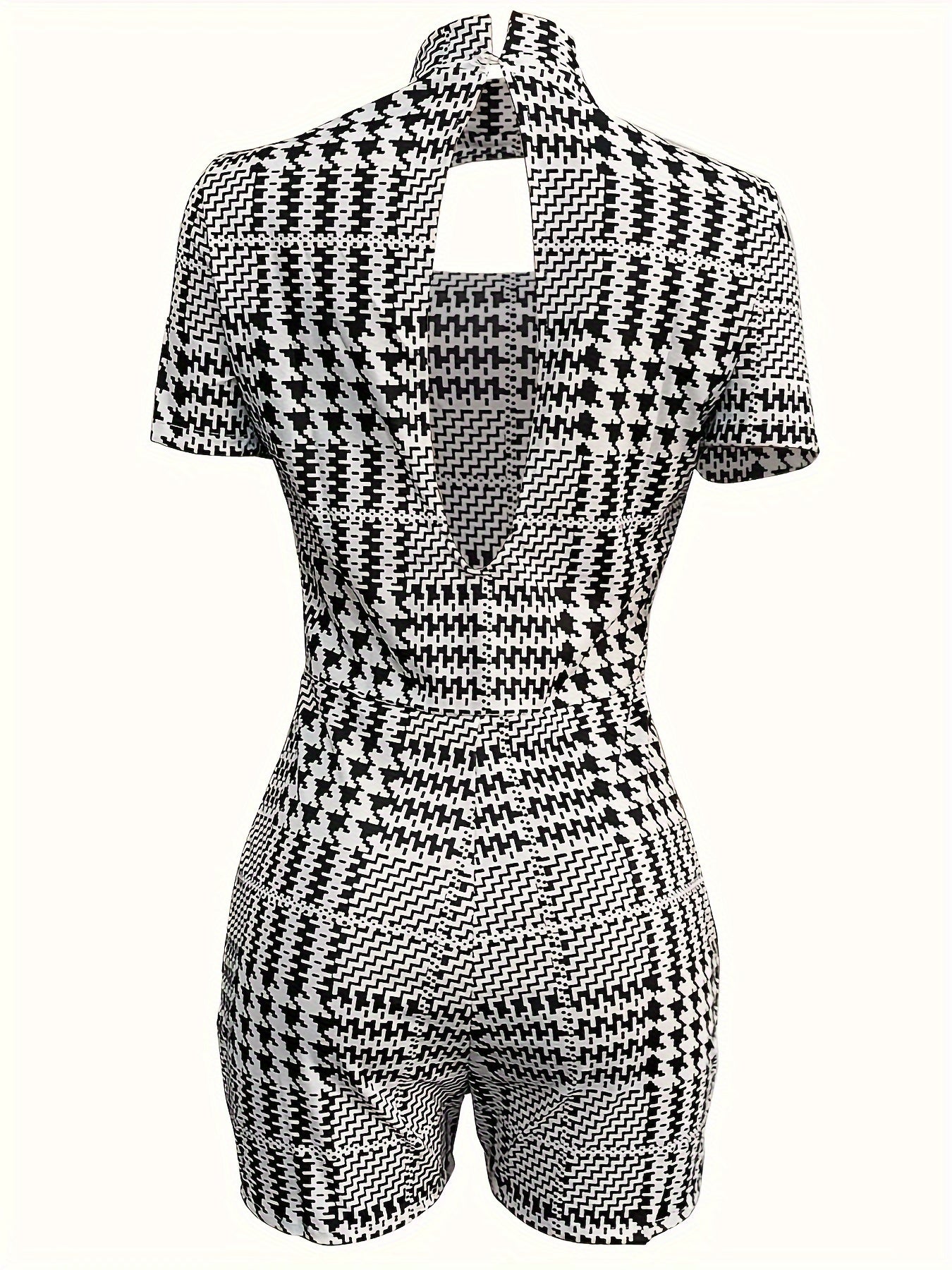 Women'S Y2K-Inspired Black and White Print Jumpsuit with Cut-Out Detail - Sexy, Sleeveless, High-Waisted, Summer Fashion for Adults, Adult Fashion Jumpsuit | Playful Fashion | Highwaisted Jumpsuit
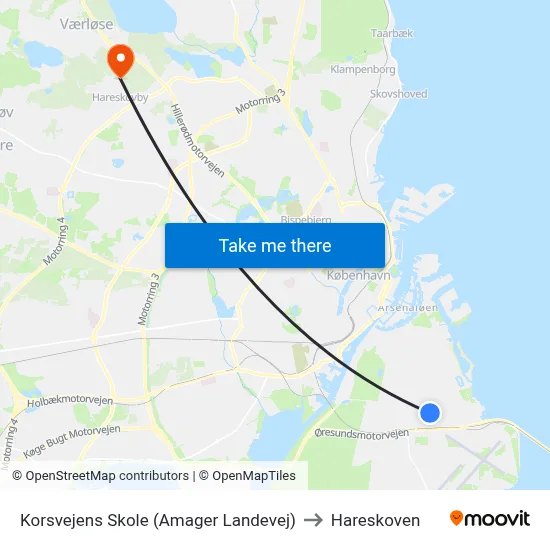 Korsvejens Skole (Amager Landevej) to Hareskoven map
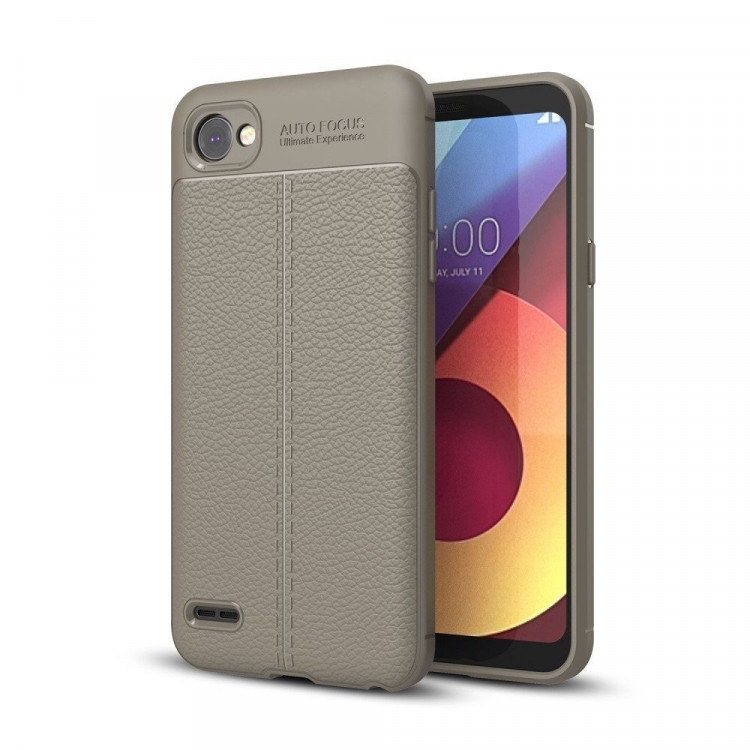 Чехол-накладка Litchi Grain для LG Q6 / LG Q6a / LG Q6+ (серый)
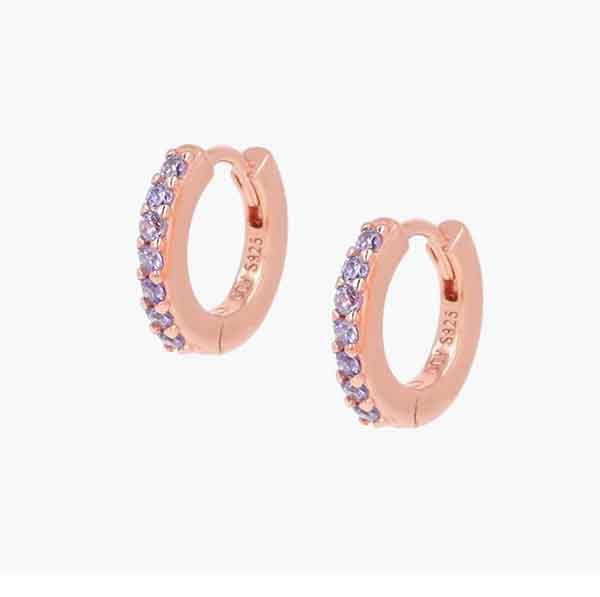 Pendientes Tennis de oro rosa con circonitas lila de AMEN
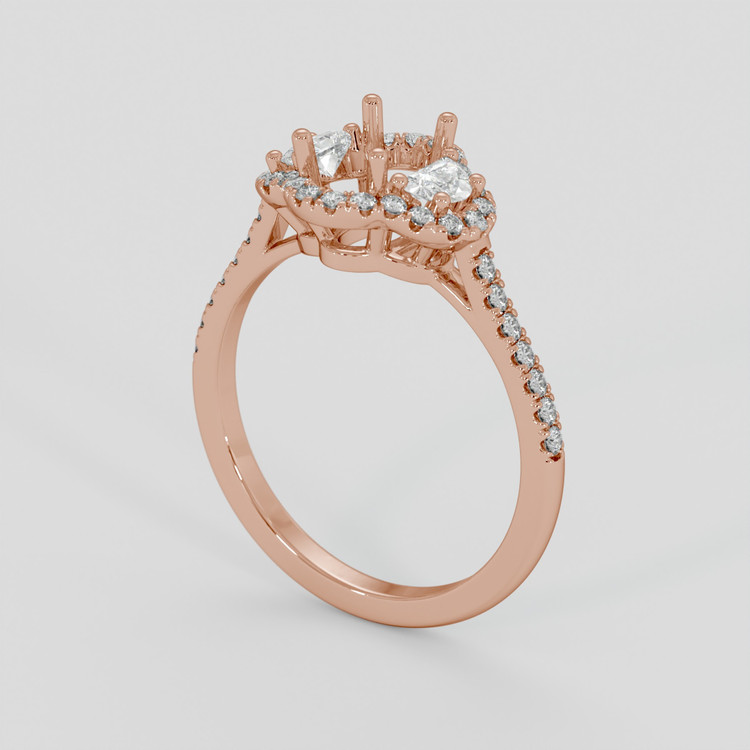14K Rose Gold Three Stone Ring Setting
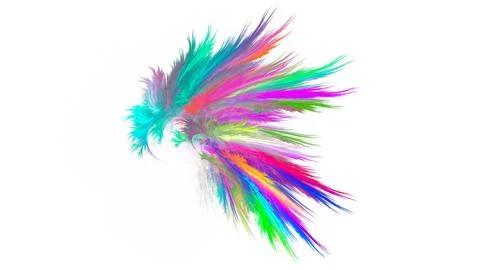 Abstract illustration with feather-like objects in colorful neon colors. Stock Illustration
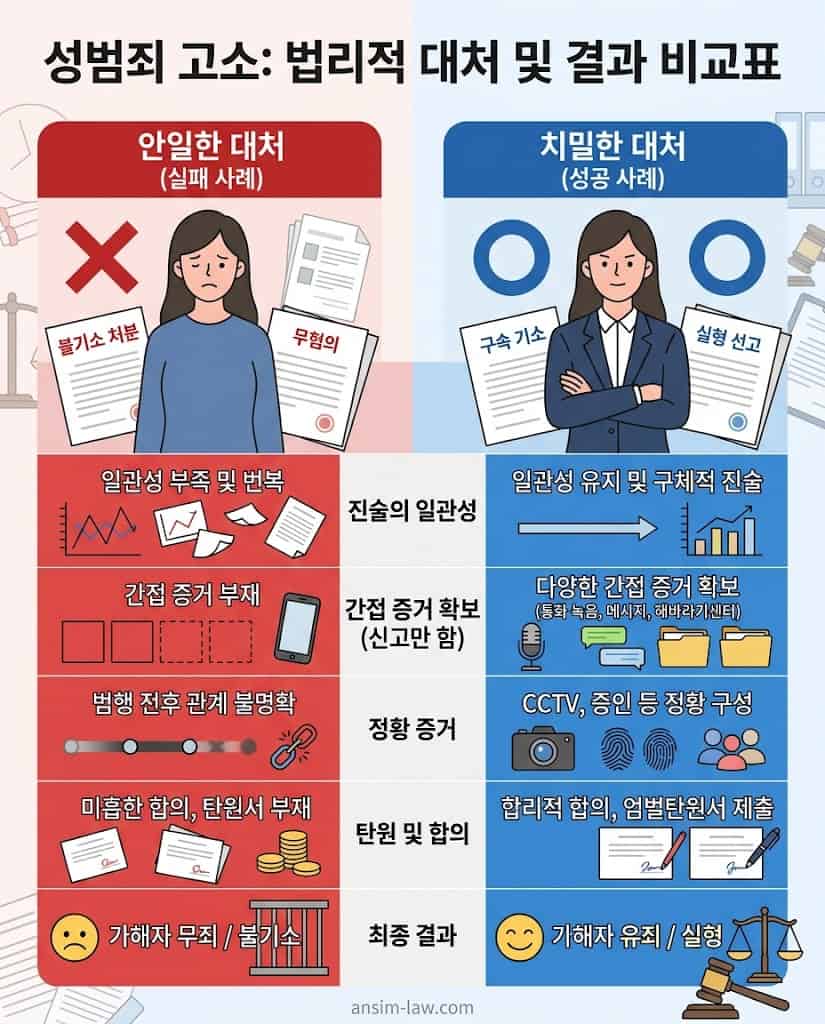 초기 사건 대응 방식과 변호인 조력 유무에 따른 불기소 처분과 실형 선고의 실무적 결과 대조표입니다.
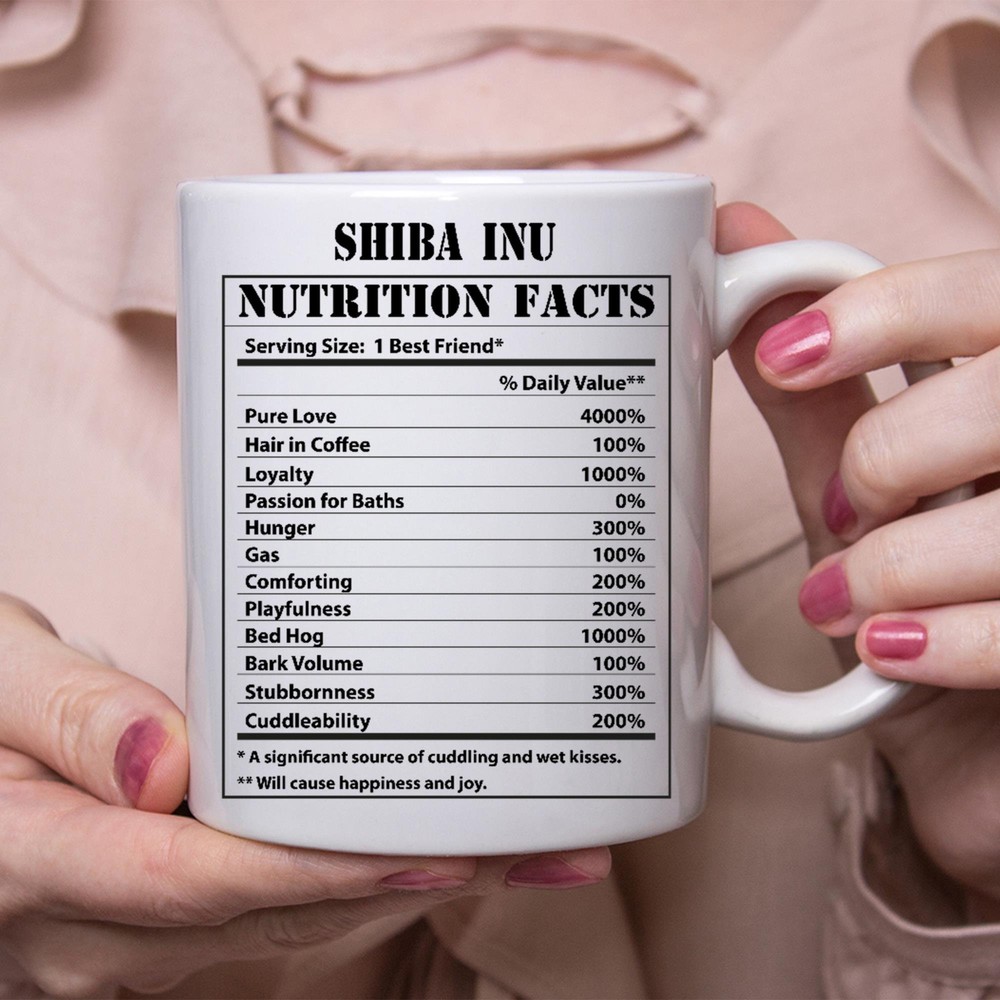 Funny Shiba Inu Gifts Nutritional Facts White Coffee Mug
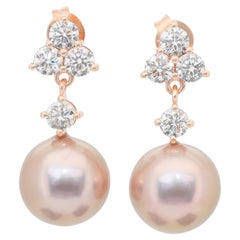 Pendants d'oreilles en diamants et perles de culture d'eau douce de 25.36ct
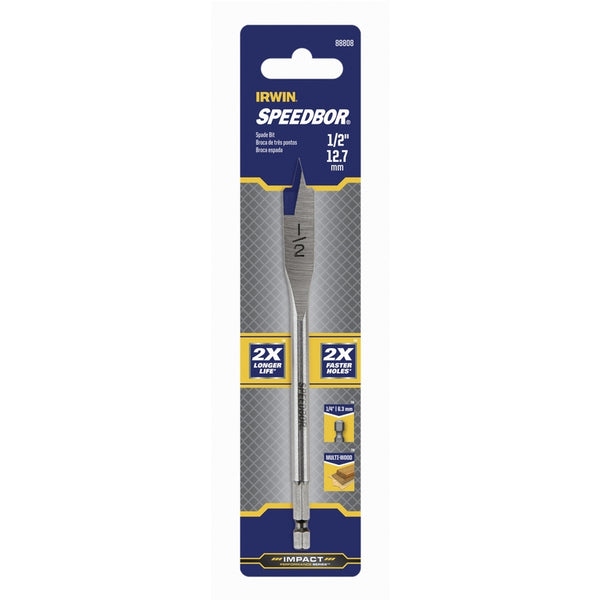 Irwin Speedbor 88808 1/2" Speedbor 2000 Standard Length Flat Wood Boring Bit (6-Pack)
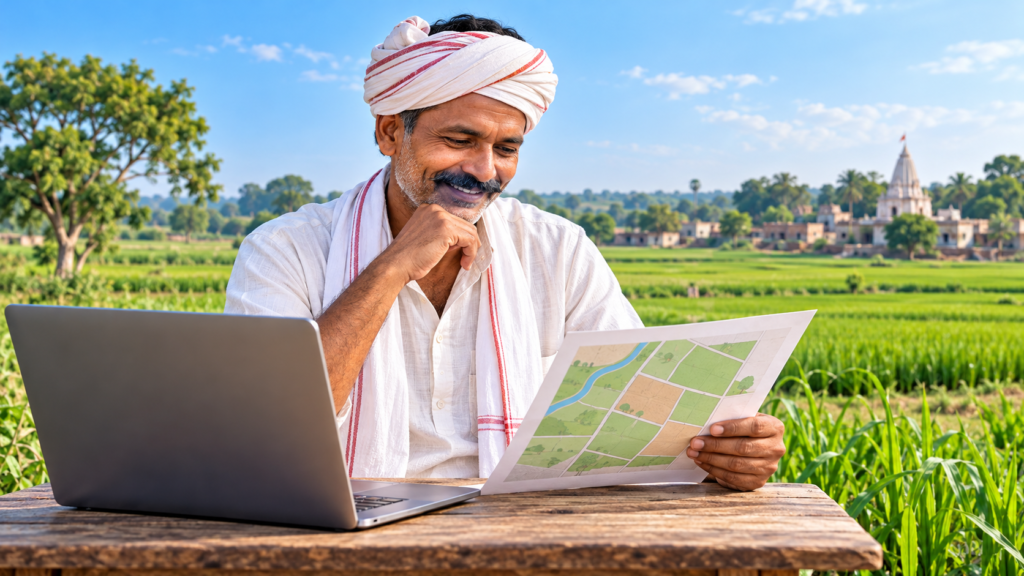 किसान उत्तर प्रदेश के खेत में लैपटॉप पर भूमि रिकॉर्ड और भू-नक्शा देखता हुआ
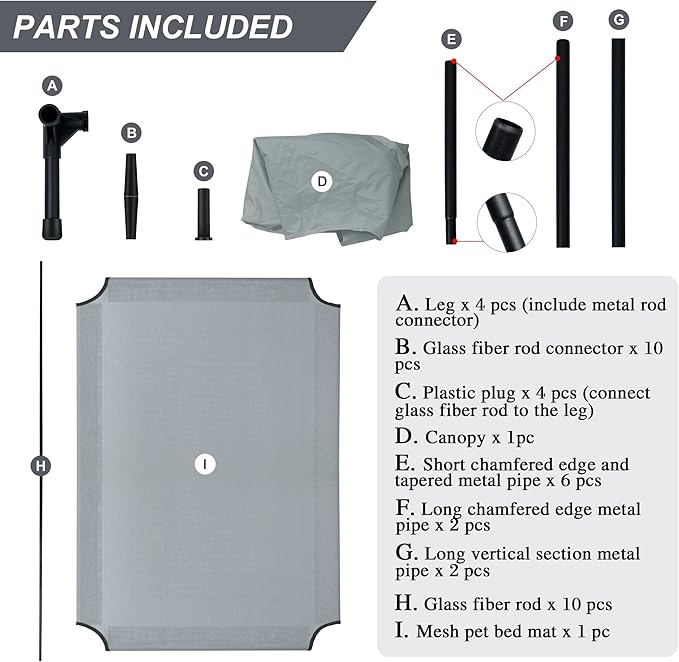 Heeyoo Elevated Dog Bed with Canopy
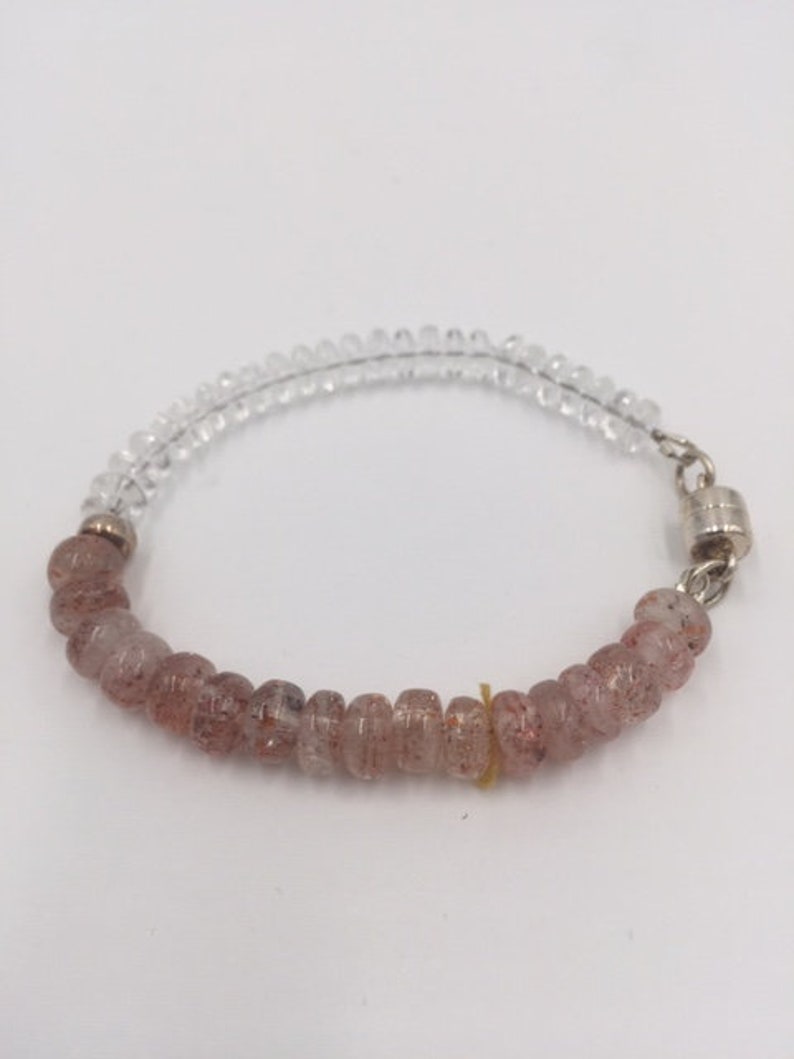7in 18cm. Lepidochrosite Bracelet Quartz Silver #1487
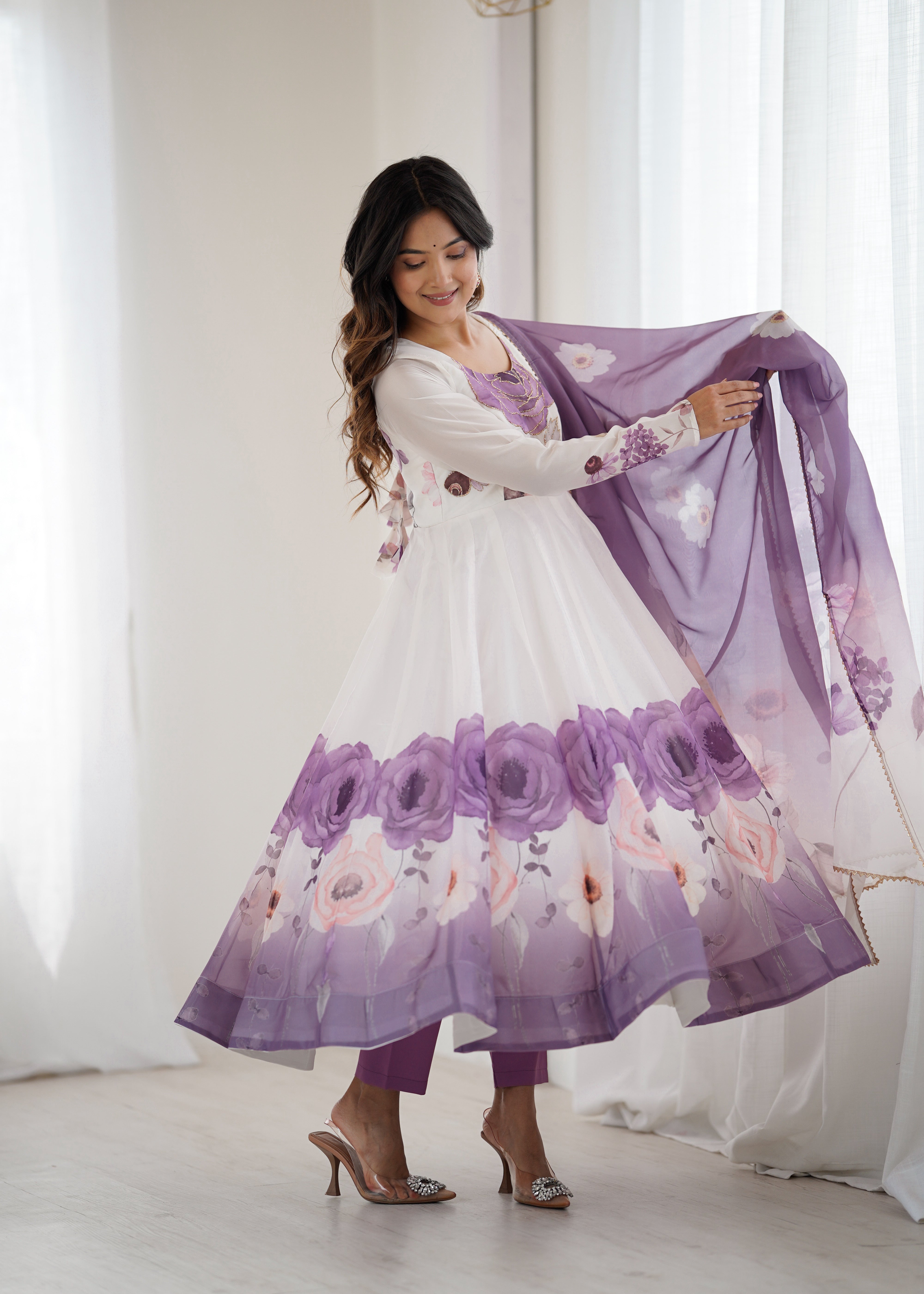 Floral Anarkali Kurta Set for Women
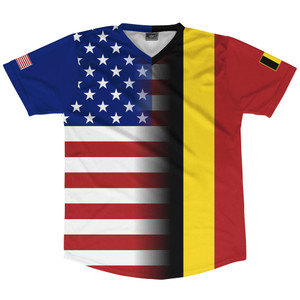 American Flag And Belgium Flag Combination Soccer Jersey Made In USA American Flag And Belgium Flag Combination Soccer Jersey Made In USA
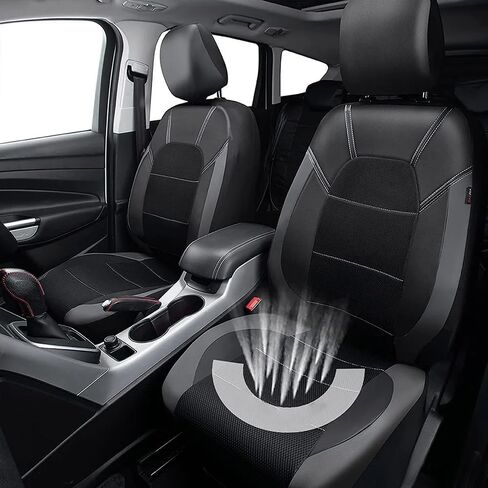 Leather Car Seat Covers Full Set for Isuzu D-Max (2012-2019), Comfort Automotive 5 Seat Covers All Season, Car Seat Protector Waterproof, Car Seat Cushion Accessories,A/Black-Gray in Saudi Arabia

#### [EXERCISE GOAL]
Set down each record above exactly as it stands and leave out all pictures.

#### [ANSWER TO THE PROBLEM]
 Women'S Y2K-Inspired Black and White Print Jumpsuit with Cut-Out Detail - Sexy, Sleeveless, High-Waisted, Summer Fashion for Adults, Adult Fashion Jumpsuit | Playful Fashion | Highwaisted Jumpsuit
 Korsvejens Skole (Amager Landevej) to Hareskoven map
 Чехол-накладка Litchi Grain для LG Q6 / LG Q6a / LG Q6+ (серый)
 Pendientes Tennis de oro rosa con circonitas lila de AMEN
14K Rose Gold Three Stone Ring Setting
 Abstract illustration with feather-like objects in colorful neon colors. Stock Illustration
 초기 사건 대응 방식과 변호인 조력 유무에 따른 불기소 처분과 실형 선고의 실무적 결과 대조표입니다.
 Funny Shiba Inu Gifts Nutritional Facts White Coffee Mug
 Pendants d'oreilles en diamants et perles de culture d'eau douce de 25.36ct
 Irwin Speedbor 88808 1/2" Speedbor 2000 Standard Length Flat Wood Boring Bit (6-Pack)
 किसान उत्तर प्रदेश के खेत में लैपटॉप पर भूमि रिकॉर्ड और भू-नक्शा देखता हुआ
 Heeyoo Elevated Dog Bed with Canopy
7in 18cm. Lepidochrosite Bracelet Quartz Silver #1487
 Floral Anarkali Kurta Set for Women
 American Flag And Belgium Flag Combination Soccer Jersey Made In USA American Flag And Belgium Flag Combination Soccer Jersey Made In USA
 Leather Car Seat Covers Full Set for Isuzu D-Max (2012-2019), Comfort Automotive 5 Seat Covers All Season, Car Seat Protector Waterproof, Car Seat Cushion Accessories,A/Black-Gray in Saudi Arabia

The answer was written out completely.